So the government has given the car hire companies 10 days notice of the introduction of the tolls. Plenty of time for them to buy and fit the many hundreds of electronic boxes, which will be required for their cars, and to buy all the credit card machines, which will be needed to enable returning hirers to pay their tolls in the middle of the car park. No problem at all.  And before somebody suggests that the hire companies could have bought all this equipment in anticipation of the start date, let us not forget that there was a real possibility that the President would decline to ratify the government's proposals relating to the A22. The car hire companies would have been crazy to invest thousands of euros in equipment that might not be needed. Unfortunately the President does not appear to have immunity to current pandemic of Politicians' Missing Brain Syndrome and he hasn't had the sense or the courage to consign the proposal to its rightful place in the dustbin.
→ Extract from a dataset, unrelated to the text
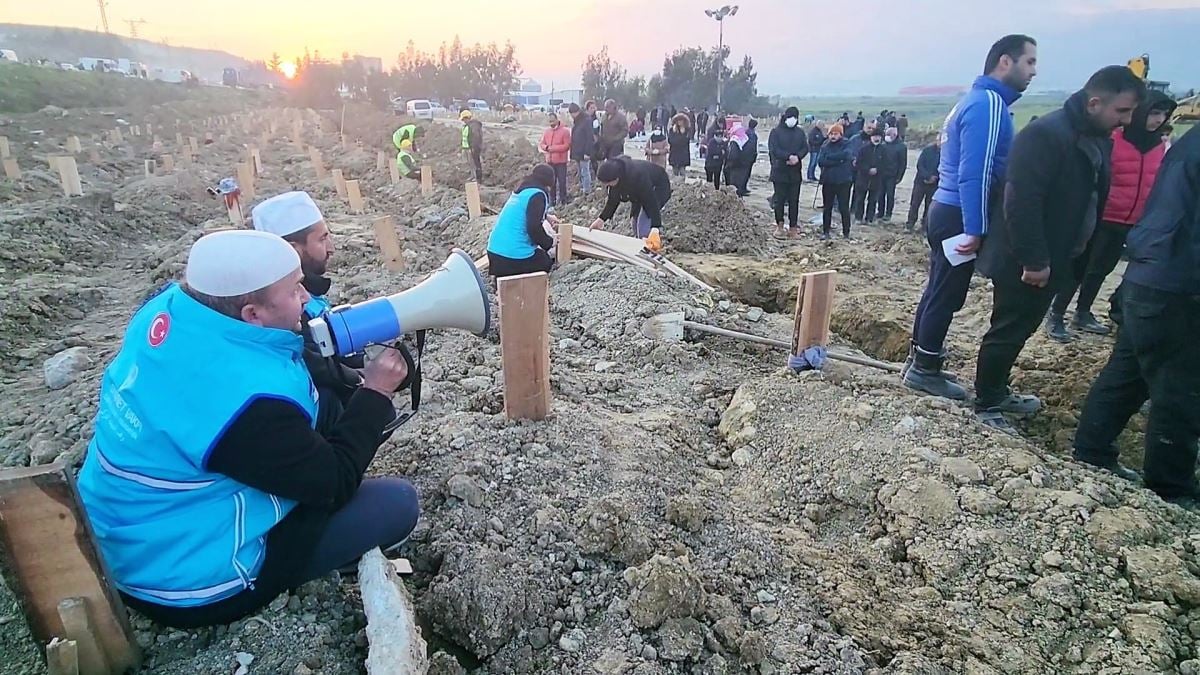 Denizli Valiliği, Hatay’da Deprem Mezarlığı Oluşturdu…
A number of posters criticised me for suggesting that sensible car hire companies would and should simply give the government two fingers, ignore the tolls entirely and leave it to their customers to cope as best they can. I hope they do that, particularly now that the government has placed them in an impossible position by implementing the tolls with almost no notice. A few months of chaos and online recriminations by foreign tourists, who have been stung by the Portuguese government, will be the quickest way of ensuring that the politicians reverse this misguided policy. If the hire companies try to make the system work it will limp along indefinitely doing far more long term damage to the tourist industry.


----------



## canoeman

searover said:


> I see it is confirmed in the press, toll implimentation on the A22 is the 8th December 2011 . But where are the signs on all slip roads that you are approaching a toll road? There are none round here.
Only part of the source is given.